## What you should do
From the entries below, pull out each line where "grey" appears.

Crawled caption data:
'''
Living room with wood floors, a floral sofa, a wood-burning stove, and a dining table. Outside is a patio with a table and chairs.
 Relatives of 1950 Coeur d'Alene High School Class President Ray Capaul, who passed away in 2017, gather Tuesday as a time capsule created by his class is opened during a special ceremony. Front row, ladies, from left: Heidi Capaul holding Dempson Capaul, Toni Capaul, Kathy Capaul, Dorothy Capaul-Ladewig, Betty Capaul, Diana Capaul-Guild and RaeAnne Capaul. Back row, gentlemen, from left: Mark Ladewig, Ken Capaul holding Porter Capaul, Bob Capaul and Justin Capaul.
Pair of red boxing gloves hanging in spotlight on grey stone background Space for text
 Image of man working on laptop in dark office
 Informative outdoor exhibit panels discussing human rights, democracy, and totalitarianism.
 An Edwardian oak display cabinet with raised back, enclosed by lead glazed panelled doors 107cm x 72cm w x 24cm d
'''
'''
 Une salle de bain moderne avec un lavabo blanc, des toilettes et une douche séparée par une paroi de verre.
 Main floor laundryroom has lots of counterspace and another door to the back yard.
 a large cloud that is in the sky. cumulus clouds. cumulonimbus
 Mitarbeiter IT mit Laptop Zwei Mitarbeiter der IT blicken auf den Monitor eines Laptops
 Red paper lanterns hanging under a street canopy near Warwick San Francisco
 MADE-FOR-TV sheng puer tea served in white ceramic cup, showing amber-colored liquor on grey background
'''
## Your response
Pair of red boxing gloves hanging in spotlight on grey stone background Space for text
 MADE-FOR-TV sheng puer tea served in white ceramic cup, showing amber-colored liquor on grey background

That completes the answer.